- **TASK STATEMENT**
Output the lines from the one holding "Witte Bloemenprint Bandeau" to the end of the entries that follow, exactly and only those, minus any pictures.

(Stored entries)
——
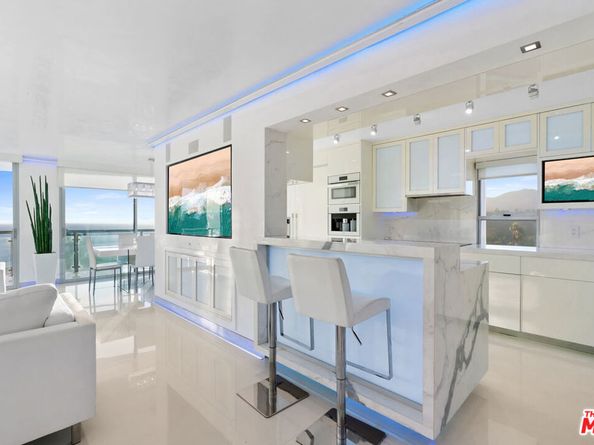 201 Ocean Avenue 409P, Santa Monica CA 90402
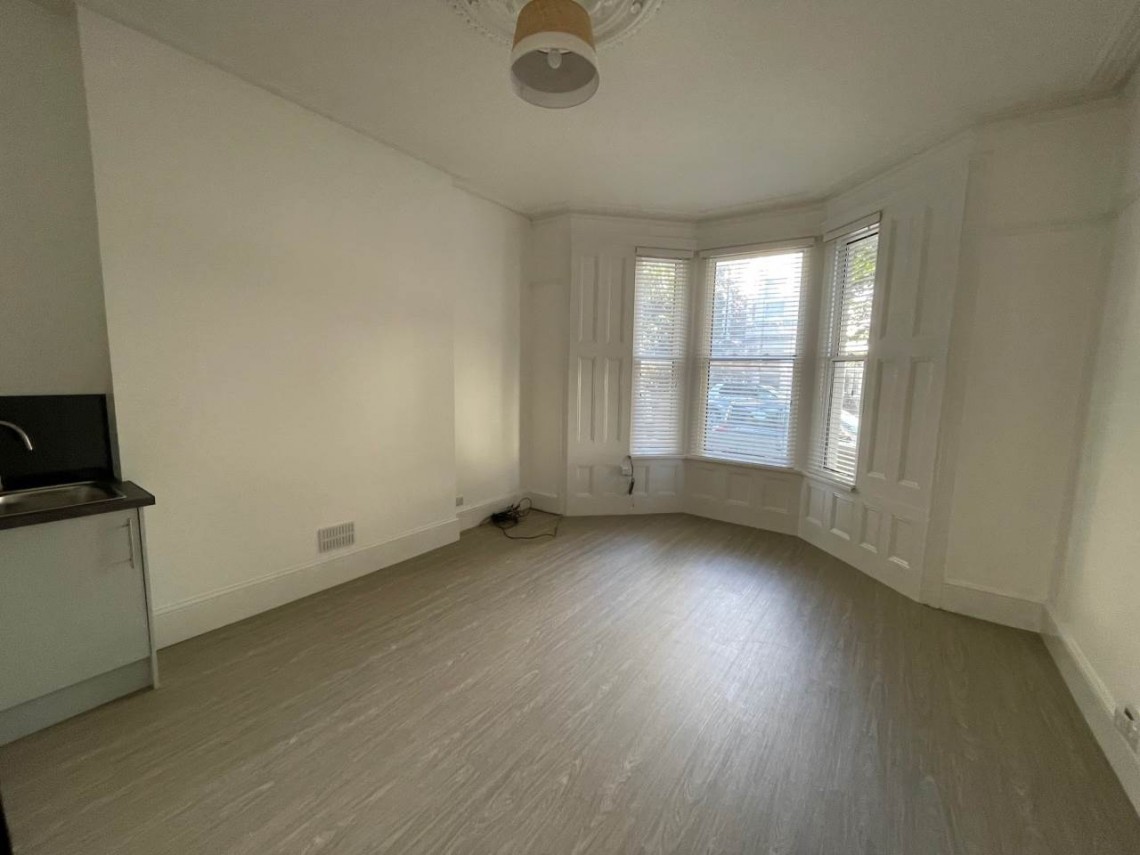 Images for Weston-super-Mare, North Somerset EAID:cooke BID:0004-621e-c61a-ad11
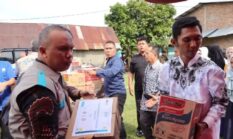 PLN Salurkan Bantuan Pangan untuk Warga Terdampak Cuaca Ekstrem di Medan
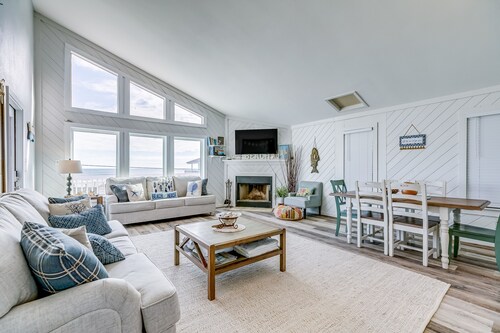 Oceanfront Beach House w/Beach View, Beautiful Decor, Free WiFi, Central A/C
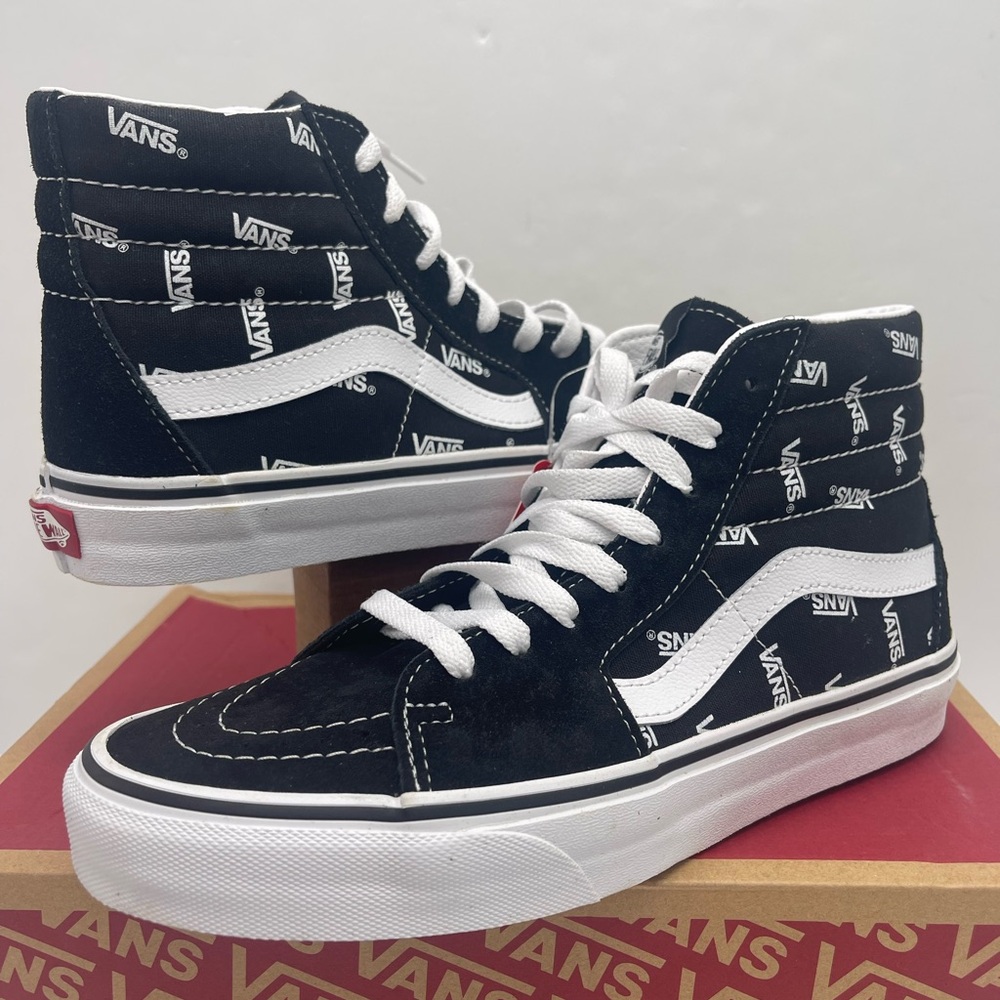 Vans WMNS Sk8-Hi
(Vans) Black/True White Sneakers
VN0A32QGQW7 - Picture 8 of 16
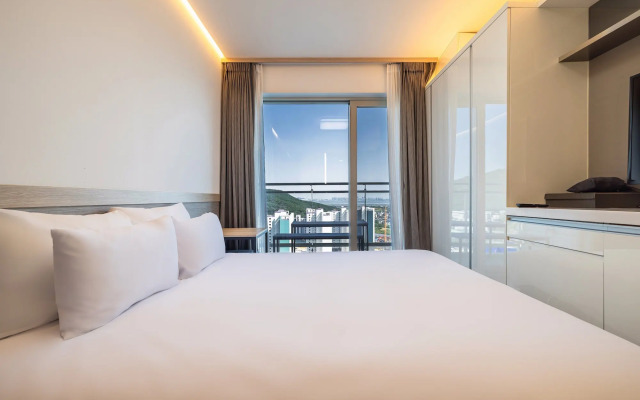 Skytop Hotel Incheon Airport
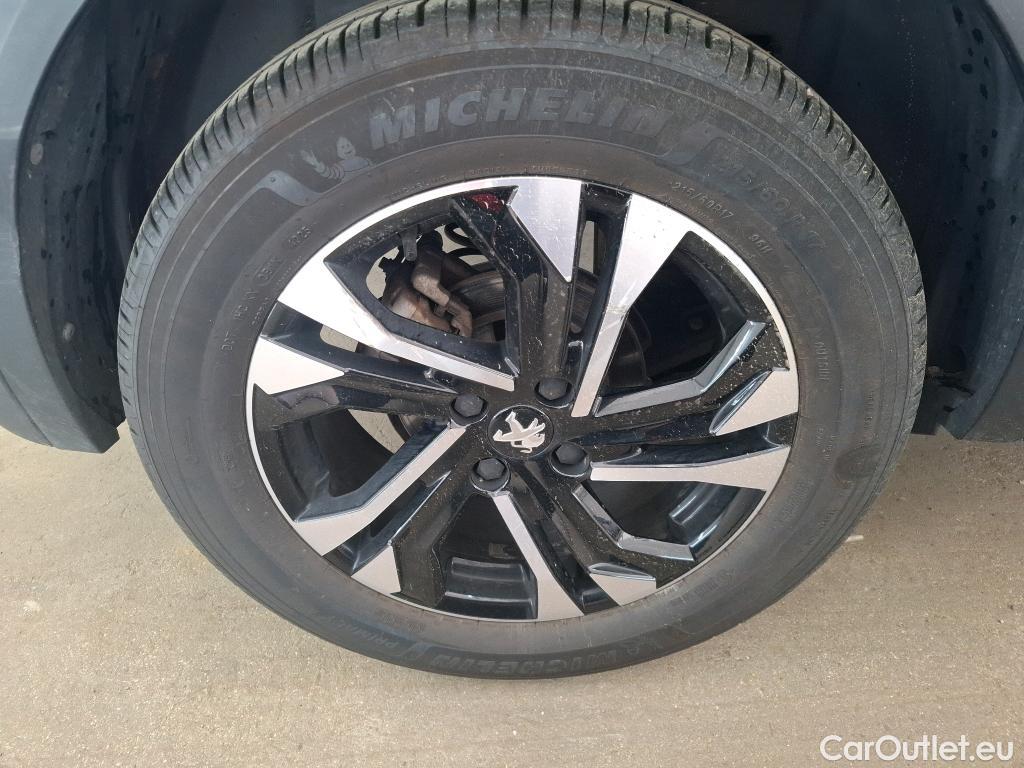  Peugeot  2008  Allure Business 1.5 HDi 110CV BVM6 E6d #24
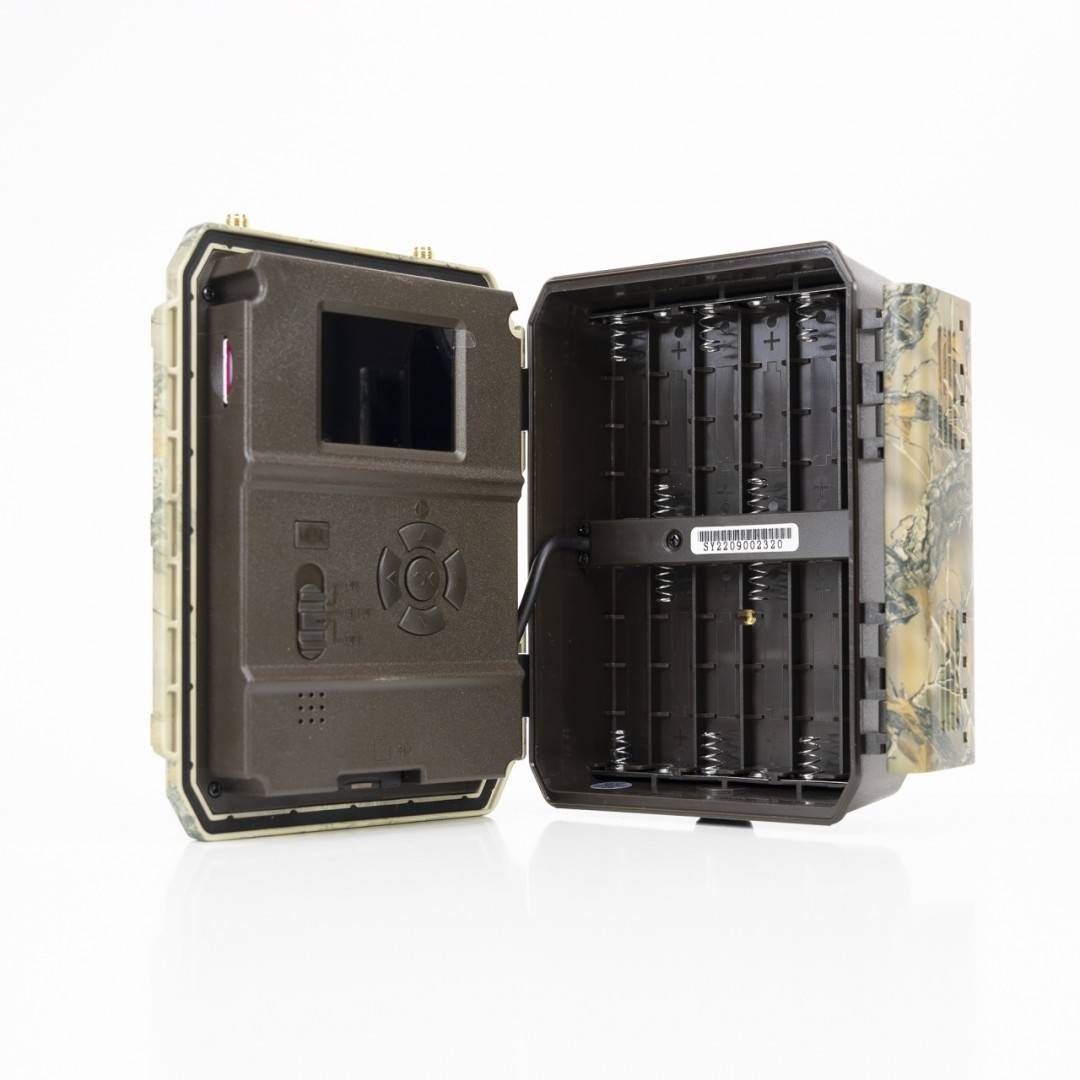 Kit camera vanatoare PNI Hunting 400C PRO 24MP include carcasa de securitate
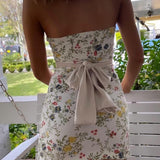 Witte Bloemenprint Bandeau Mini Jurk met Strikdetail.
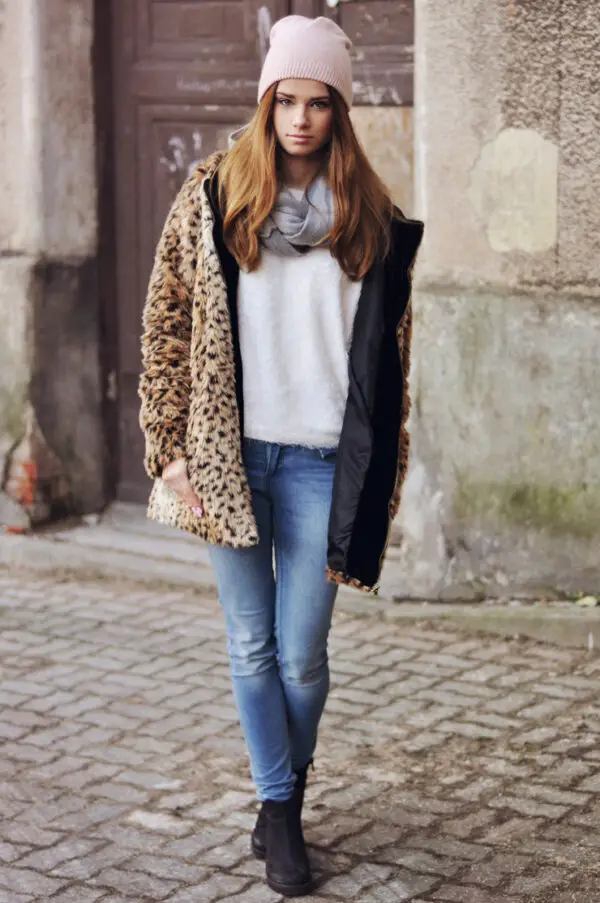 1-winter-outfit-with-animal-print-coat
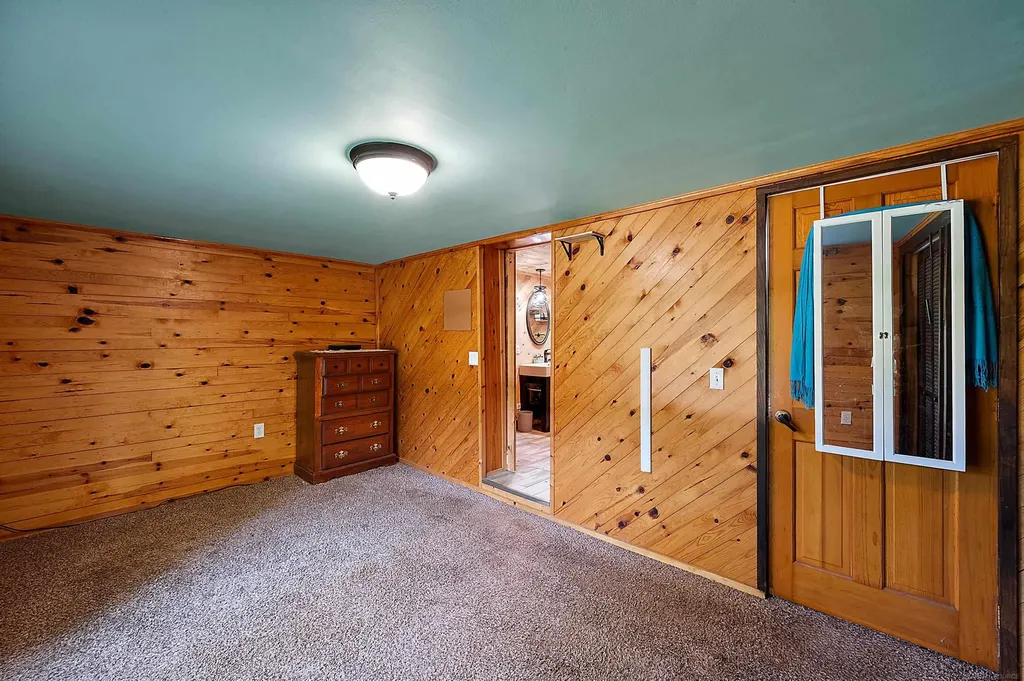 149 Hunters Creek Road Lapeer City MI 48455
——
- **EXERCISE SOLUTION**
 Witte Bloemenprint Bandeau Mini Jurk met Strikdetail.
 1-winter-outfit-with-animal-print-coat
 149 Hunters Creek Road Lapeer City MI 48455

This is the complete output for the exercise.